### Assignment
Omit all pictures, then retype the data exactly as given.

### Given records
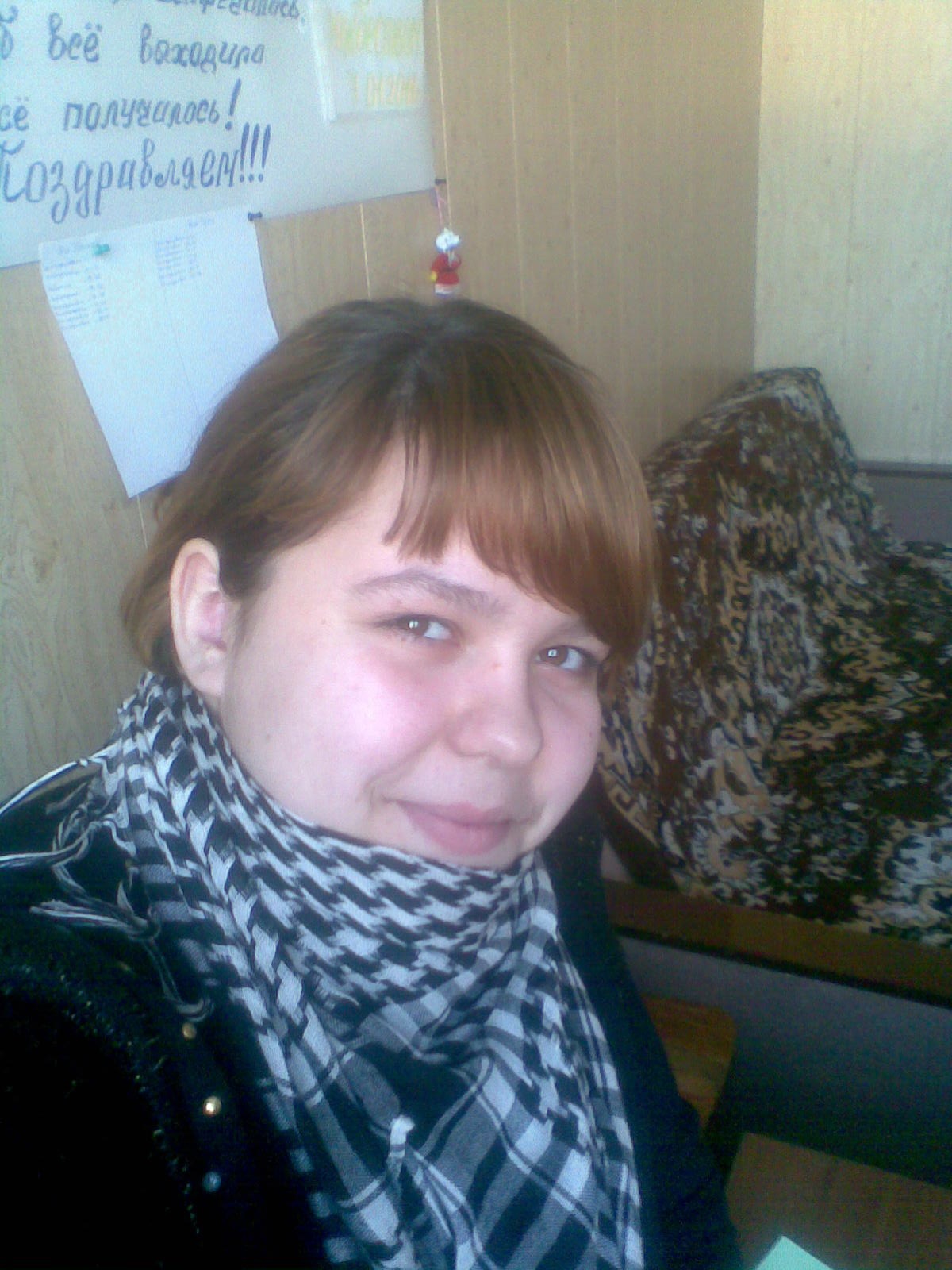 Фото профиля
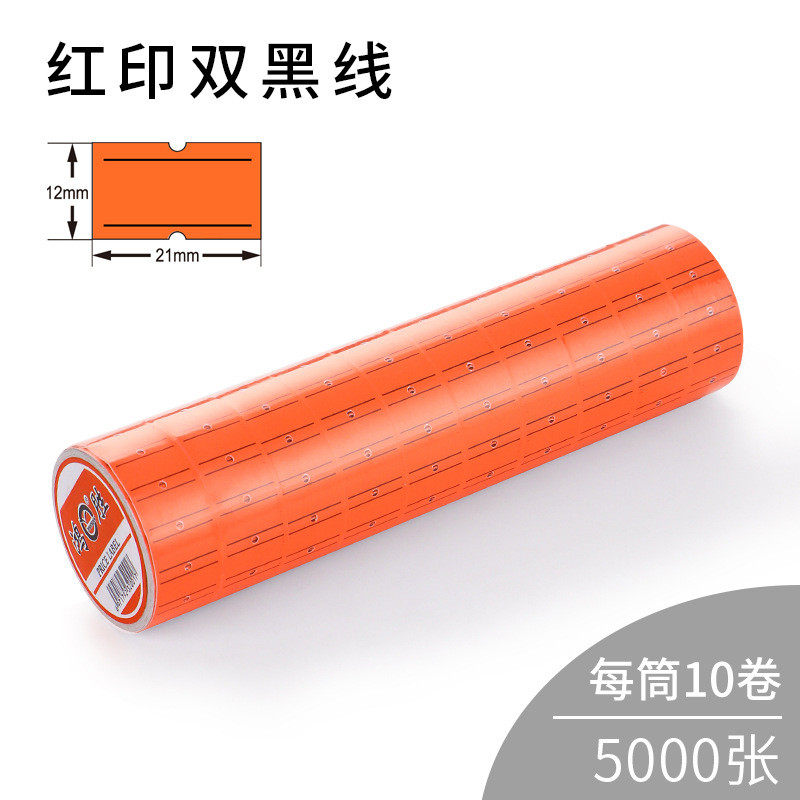 厂家直销鸿胜彩色打价纸打码纸超市不干胶价格标签贴纸单排纸标价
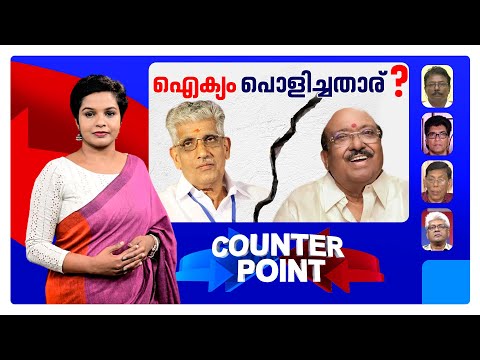 എട്ടാം ദിനം പൊട്ടിയതെന്ത് ?; കോണ്‍ഗ്രസിന് ആശ്വാസമോ ? | Counter Point | NSS | SNDP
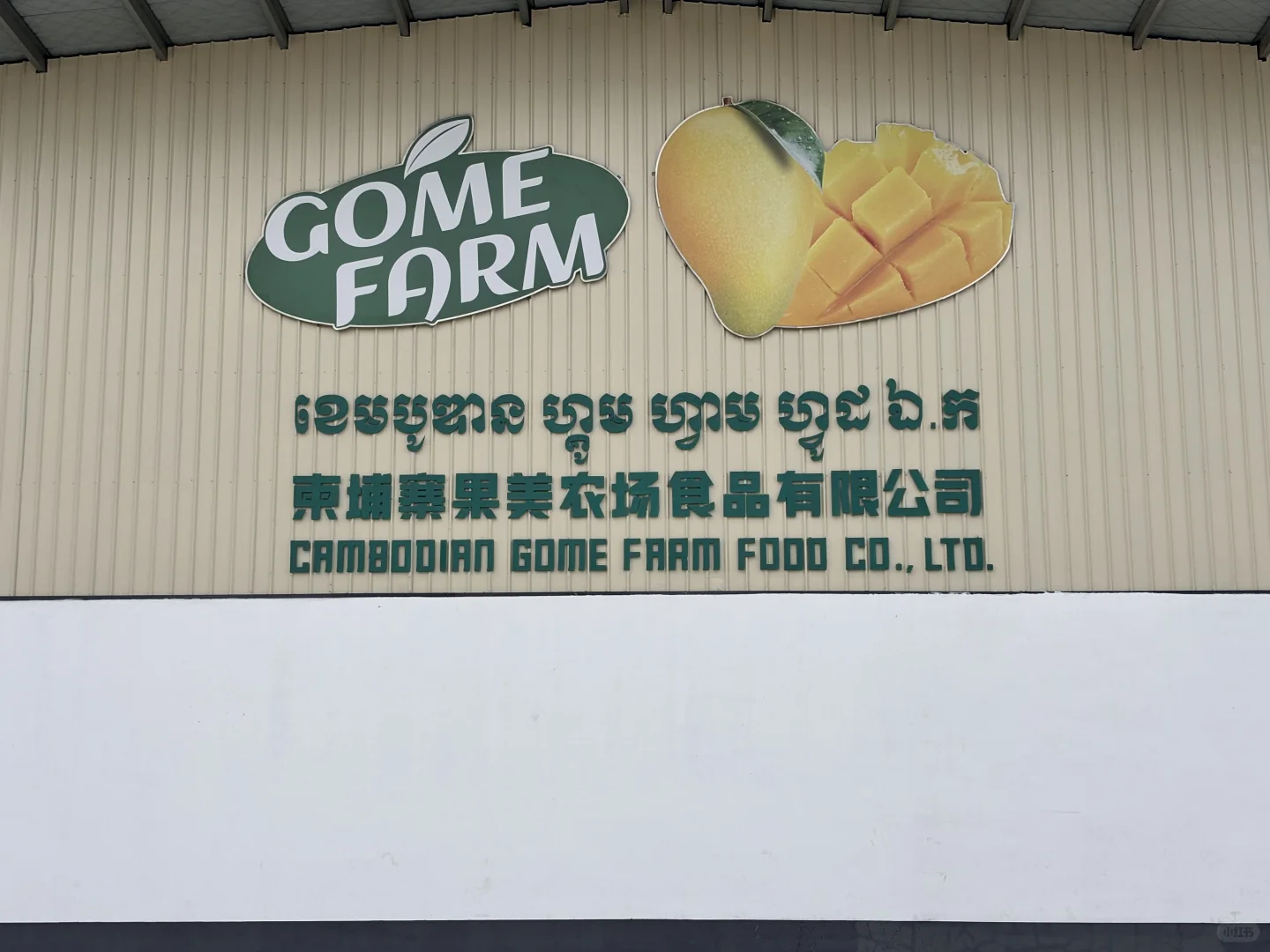 柬埔寨果美农场招聘人力经理
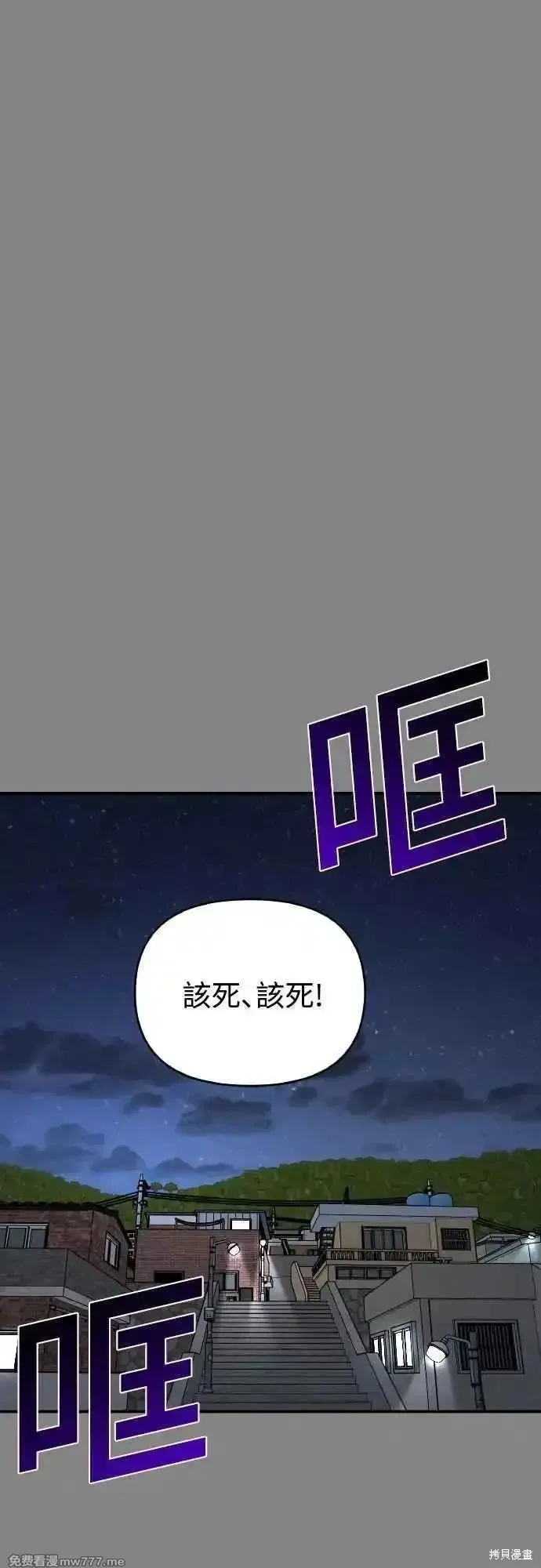 純情反派,第二季25话,第9张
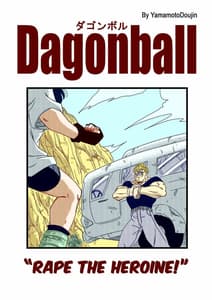 Page 3: 002.jpg | rape the heroine! | View Page!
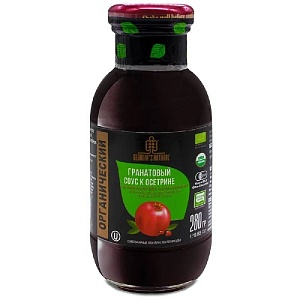 Соус GEORGIA'S NATURAL ORGANIC Гранатовый к осетрине Наршараб /стекло/ 235г*12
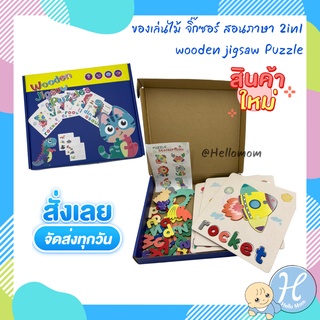 Hellomom ของเล่นไม้ จิ๊กซอว์ สอนภาษา 2in1 wooden jigsaw Puzzle FW-3815 สีพาสดเทล รุ่นใหม่ ของเล่นเด็ก ของเล่นเสริมพัฒนาการ เหมาะสำหรับเด็ก 3 ปีขึ้นไป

### Exercise result
 Фото профиля
 厂家直销鸿胜彩色打价纸打码纸超市不干胶价格标签贴纸单排纸标价
 എട്ടാം ദിനം പൊട്ടിയതെന്ത് ?; കോണ്‍ഗ്രസിന് ആശ്വാസമോ ? | Counter Point | NSS | SNDP
 柬埔寨果美农场招聘人力经理
 純情反派,第二季25话,第9张
 Page 3: 002.jpg | rape the heroine! | View Page!
 Соус GEORGIA'S NATURAL ORGANIC Гранатовый к осетрине Наршараб /стекло/ 235г*12
 Hellomom ของเล่นไม้ จิ๊กซอว์ สอนภาษา 2in1 wooden jigsaw Puzzle FW-3815 สีพาสดเทล รุ่นใหม่ ของเล่นเด็ก ของเล่นเสริมพัฒนาการ เหมาะสำหรับเด็ก 3 ปีขึ้นไป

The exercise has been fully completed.